> [TASK GOAL] Starting with the line that has "the reflection of" and finishing with the line that has "Princess Kate wearing", set down each line below exactly. Pictures are not copied.

> [INFORMATION]
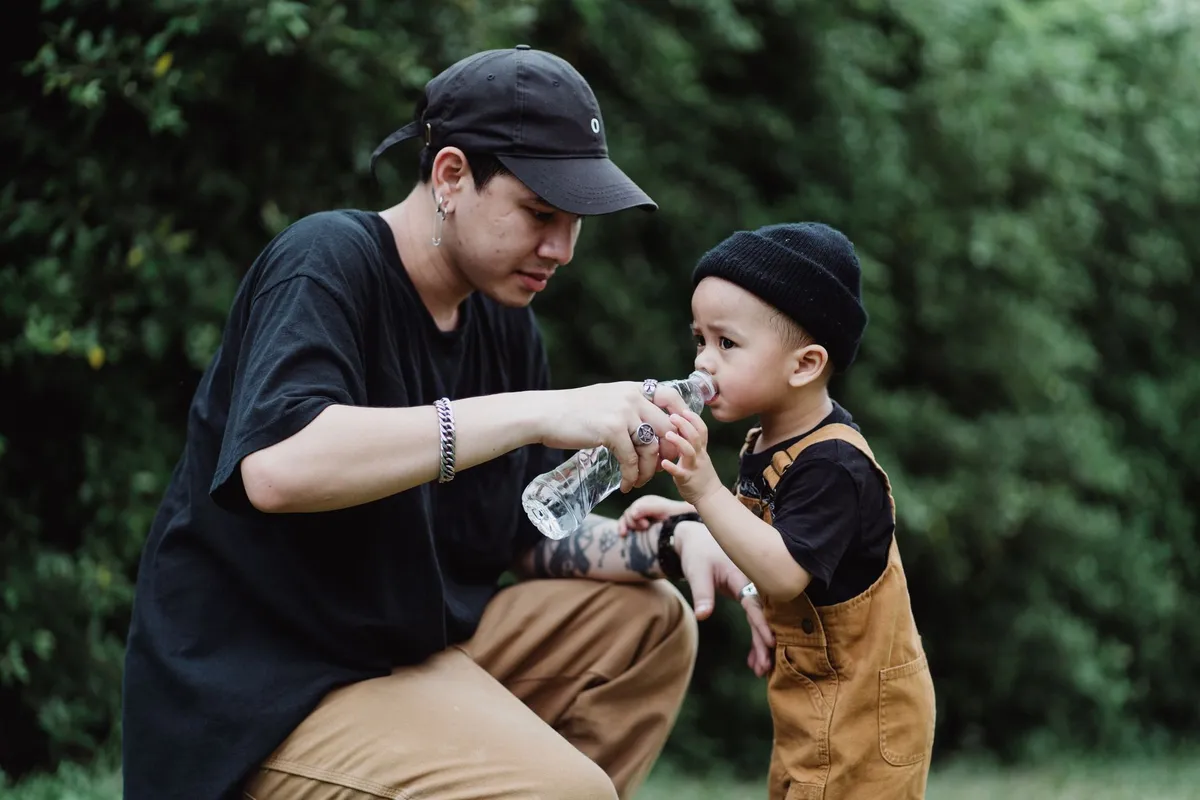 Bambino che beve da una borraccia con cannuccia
==
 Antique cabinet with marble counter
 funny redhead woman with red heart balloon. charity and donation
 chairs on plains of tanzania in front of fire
---
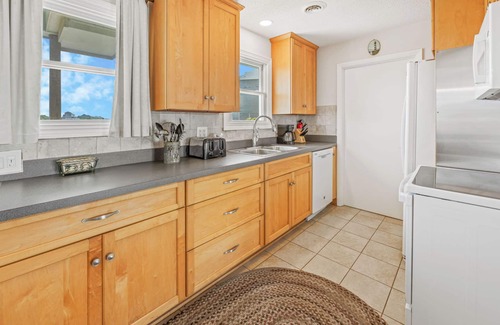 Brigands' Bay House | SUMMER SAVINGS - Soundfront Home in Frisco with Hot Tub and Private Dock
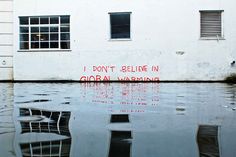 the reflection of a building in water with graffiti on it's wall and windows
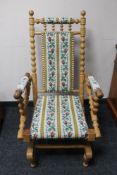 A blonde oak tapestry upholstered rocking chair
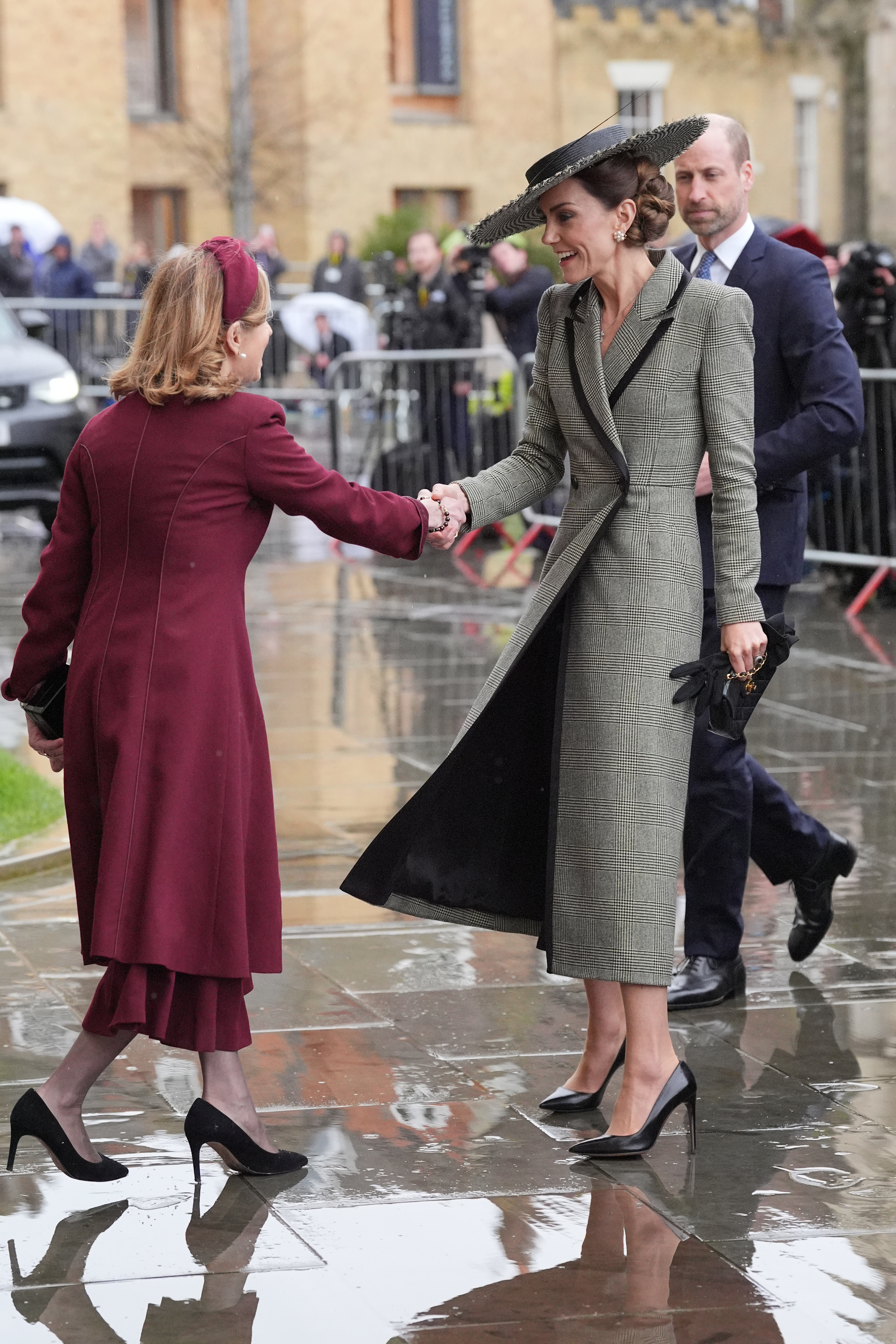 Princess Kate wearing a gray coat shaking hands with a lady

> [SOLUTION TO THIS TASK]
 the reflection of a building in water with graffiti on it's wall and windows
 A blonde oak tapestry upholstered rocking chair
 Princess Kate wearing a gray coat shaking hands with a lady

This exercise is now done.